*** STORED DATA ***

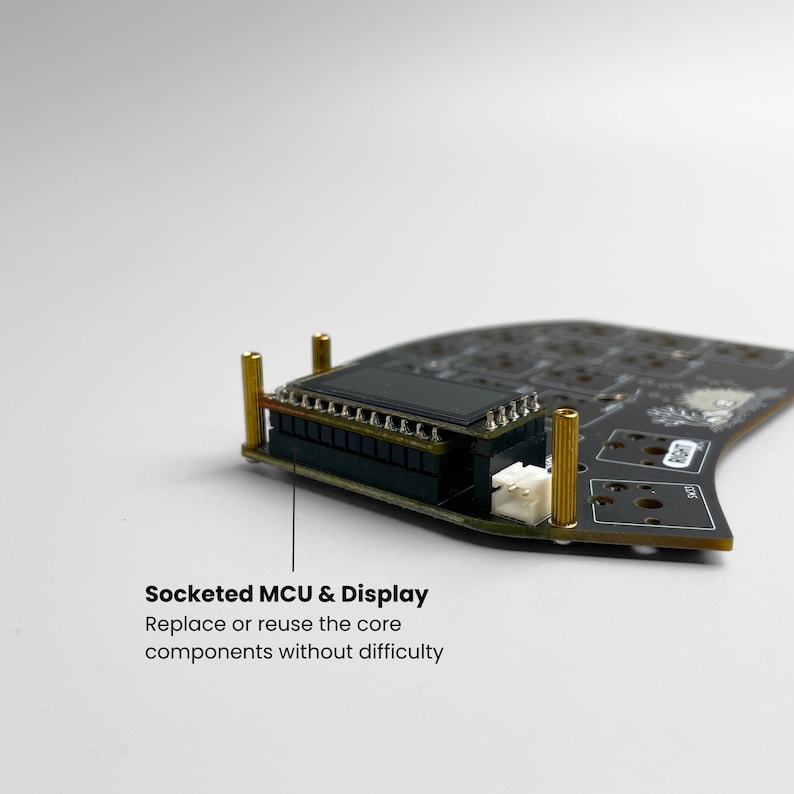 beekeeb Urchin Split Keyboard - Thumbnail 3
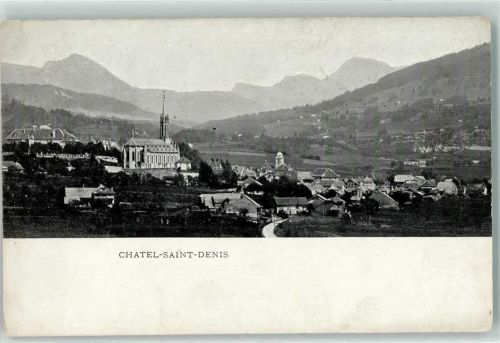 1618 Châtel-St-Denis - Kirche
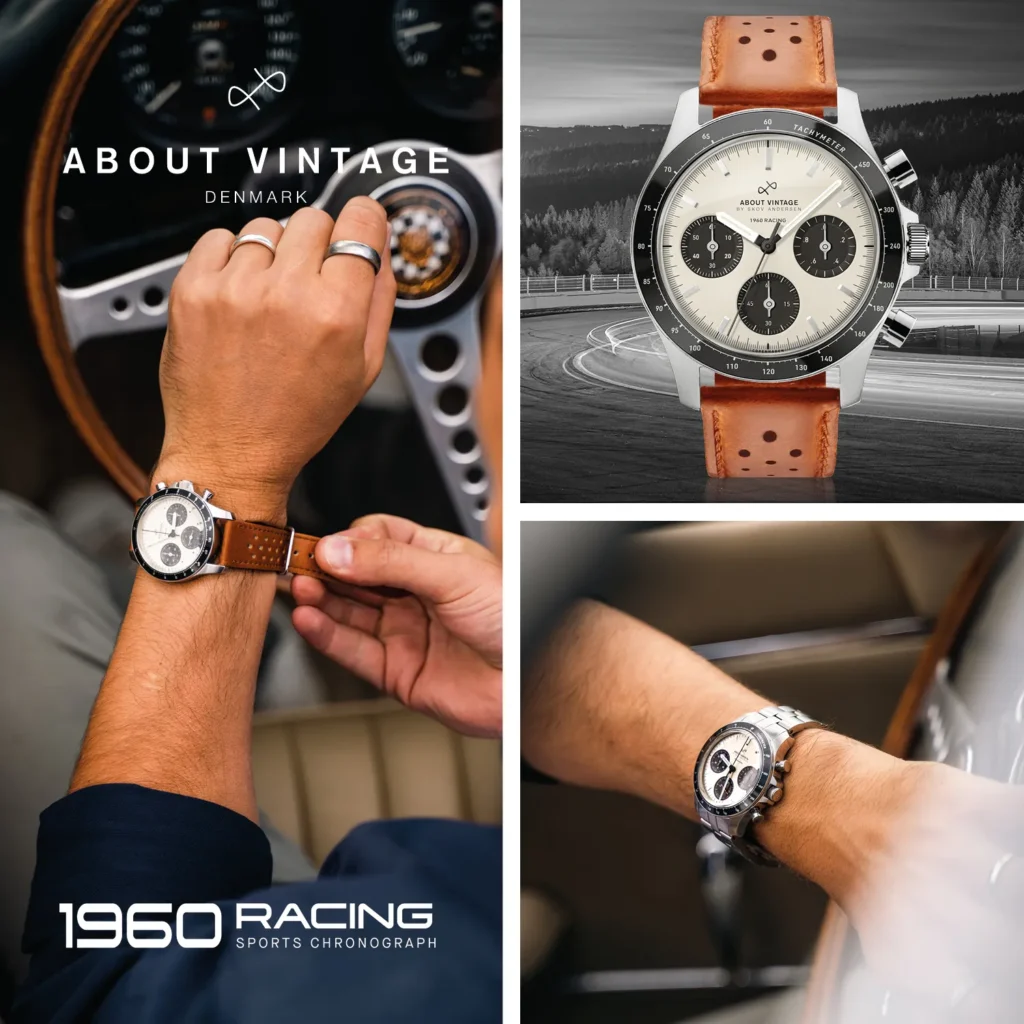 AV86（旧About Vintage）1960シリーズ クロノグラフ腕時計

*** End of STORED DATA ***

*TASK BRIEF*: Excluding pictures, print all lines above exactly.

*TASK SOLUTION*:
 beekeeb Urchin Split Keyboard - Thumbnail 3
 1618 Châtel-St-Denis - Kirche
 AV86（旧About Vintage）1960シリーズ クロノグラフ腕時計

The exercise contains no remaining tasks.